Total operating revenue was $986 million, an 18 percent increase over the same 2009 quarter. The company attributed the increase primarily to higher Intermodal segment volumes, significant growth in the company’s Dedicated Contract Services segment and revenue growth in its Truck segment. Utilization of equipment also improved, as did pricing in the Truck segment. Current quarter operating revenue, excluding fuel surcharges, increased 15 percent.

Operating income rose 29 percent to $91.5 million, primarily due to a 22 percent increase in Intermodal operating income, a 17 percent increase in DCS operating income and positive Truck operating income.

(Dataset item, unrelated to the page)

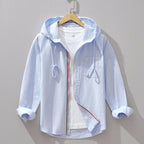 Jesse - Men's Hooded Zip-Up Cotton Shirt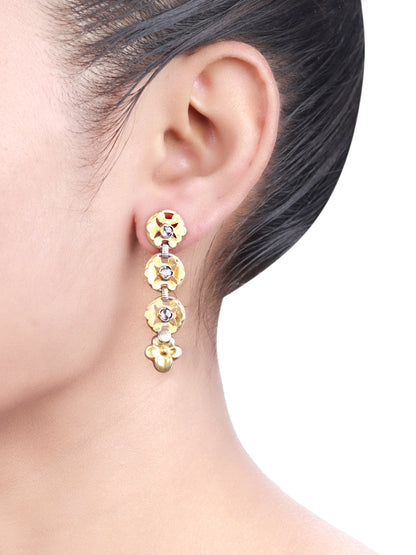 Sangeeta Boochra Gold Tone Tribal Silver Earrings-Earrings-Sangeeta Boochra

J.B. Hunt’s Truck segment lost money on an operating basis in the same 2009 quarter.

“We continue to distance ourselves from the ‘Great Recession’ by increased revenues, operating income and net earnings,” said Kirk Thompson, president and chief executive officer of Lowell, Ark.-based J.B. Hunt. “Though freight volumes backed off from the torrid pace we saw in June, demand remained steady across all segments. In Intermodal, we continued to see record numbers of loads and double-digit increases compared to prior periods despite the fact that, unlike most of the intermodal industry, we were growing last year, making the comparables more difficult for us.”

Sept. 30 was an all-time high in load count for a single day in Intermodal. “We expect to surpass one million loads for the first time later this year,” Thompson said.

Thompson said DCS load volume – which the company believes is a strong indicator of current customer demand and the general direction of the freight economy – continues to point toward steady business activity. Also, contract pricing – reflecting improvement in supply and demand balance in both Intermodal and Truck – rose sequentially from this year’s second quarter and from the same period a year ago. “Assuming demand remains near current levels, we expect to see freight rates continue to rebound from the unsustainable lows we saw during the recession,” he said.

During the current quarter, J.B. Hunt reactivated and increased certain compensation and benefit programs. “We were able to make these moves as profits rebounded quicker than we had anticipated going into 2010,” Thompson said.